The curve C with equation $y = f(x)$ passes through the point $(5, 65)$.\nGiven that $f'(x) = 6x^2 - 10x - 12$,\n(a) use integration to find $f(x)$.\n\n(b) Hence show that $f(x) = x(2x + 3)(x - 4)$.\n\n(c) In the space provided on page 17, sketch C, showing the coordinates of the points where C crosses the $x$-axis. - Edexcel - A-Level Maths Pure - Question 10 - 2007 - Paper 1

To show that $f(x) = 2x^3 - 5x^2 - 12x$ can be factored as $x(2x + 3)(x - 4)$, we first express $f(x)$ in factored form:

1. Factor out $x$: $f(x) = x(2x^2 - 5x - 12)$

2. Now, we factor the quadratic $2x^2 - 5x - 12$. Using the quadratic formula, we can find its roots:

   $x = \frac{-b \pm \sqrt{b^2 - 4ac}}{2a} = \frac{5 \pm \sqrt{(-5)^2 - 4(2)(-12)}}{2(2)} = \frac{5 \pm \sqrt{25 + 96}}{4} = \frac{5 \pm 11}{4}$

   This results in: $x = 4 \quad \text{and} \quad x = -1.5$

3. Therefore, the factored form is: $f(x) = x(2(x - 4)(x + 1.5))$

   Hence, we can rewrite this as: $f(x) = x(2x + 3)(x - 4)$.

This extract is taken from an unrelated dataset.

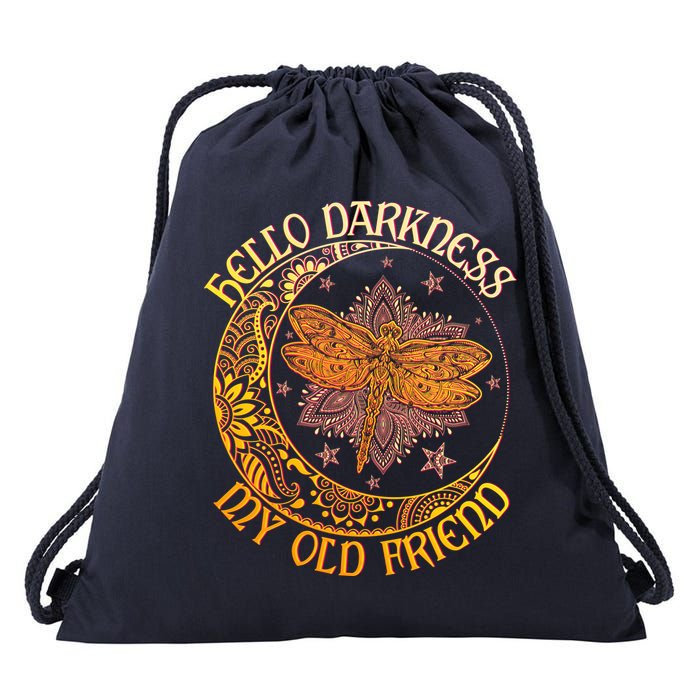 Hello Darkness My Old Friend Dragonfly Moon Drawstring Bag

To determine where the curve $C$ crosses the $x$-axis, we set $f(x) = 0$:

1. We have already factored $f(x)$ as: $f(x) = x(2x + 3)(x - 4)$

2. Setting this equal to zero gives:

   • $x = 0$
   • $2x + 3 = 0 \Rightarrow x = -1.5$
   • $x - 4 = 0 \Rightarrow x = 4$

Thus, the points where the curve crosses the $x$-axis are:

• $(0, 0)$
• $(-1.5, 0)$
• $(4, 0)$.

For the sketch, plot these points on the $x$-axis and ensure the curve has the correct shape, passing through these points.